Statutory Provisions
- Cash Reserve Ratio (CRR): Governed under Section 42(1) of the Reserve Bank of India Act, 1934. The RBI is empowered to set CRR between 3% and 15% of NDTL, though statutory floors and caps were removed by an amendment in 2006, giving the RBI operational flexibility.
- Statutory Liquidity Ratio (SLR): Governed under Section 24 of the Banking Regulation Act, 1949. It applies to all scheduled commercial banks, primary co-operative banks, state co-operative banks, and central co-operative banks.
Comparative Analysis: CRR vs SLR
| Feature | Cash Reserve Ratio (CRR) | Statutory Liquidity Ratio (SLR) |
| Primary Objective | Controls liquidity in the banking system and regulates inflation. | Ensures bank solvency, limits credit expansion, and channels credit to government securities. |
| Form of Maintenance | Maintained exclusively in cash. | Maintained in liquid assets: Cash, Gold, and unencumbered approved Government Securities (G-Secs / T-Bills). |
| Custodian | Deposited with the Reserve Bank of India (RBI). | Maintained by the commercial bank within its own vaults. |
| Interest Returns | Banks earn zero interest or returns on the reserves kept as CRR. | Banks earn interest income from the underlying government bonds and securities. |
| Impact on Economy | Directly impacts the loanable funds and credit multiplier effect. | Controls the allocation of bank credit between the government and the private sector. |
Macroeconomic Impact and Monetary Transmission
Contractionary Monetary Policy (Tightening)
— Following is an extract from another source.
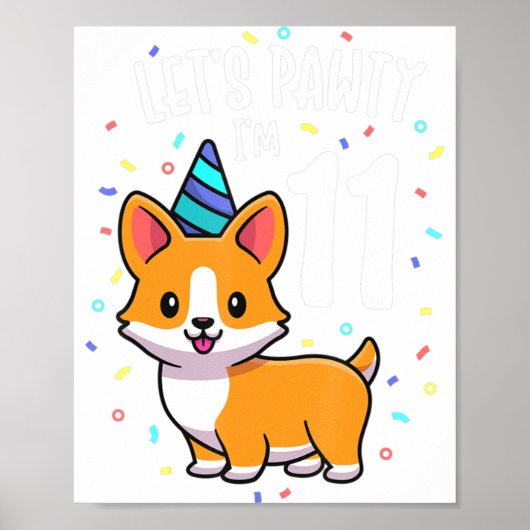 11 jaar oud Corgi Hondenliefhebber 11e verjaardag  Poster (Voorkant)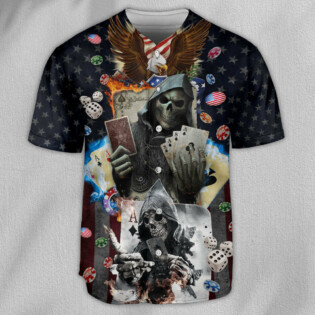 Poker Skull Flame US Flag Independence Day - Baseball Jersey - Owl Ohh - Owl Ohh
When the RBI aims to curb high inflation, it increases CRR and/or SLR rates.
- An increase in CRR forces banks to lock away more cash with the RBI, reducing the loanable funds available for credit creation.
- An increase in SLR compels banks to invest a larger share of their NDTL into government securities, crowding out private sector lending.
- Result: The money supply (M3) decreases, interest rates rise, borrowing becomes expensive, demand slows down, and inflationary pressures ease.
Expansionary Monetary Policy (Easing)
During an economic slowdown, the RBI decreases CRR and/or SLR rates.
- Lowering these ratios frees up cash and liquid assets for commercial banks.
- Result: The credit multiplier increases, banking liquidity rises, interest rates face downward pressure, and credit availability for businesses and consumers expands, stimulating economic growth.
Institutional Linkages and Operational Trivia
Statutory Liquidity Ratio and the Net Stable Funding Ratio (NSFR)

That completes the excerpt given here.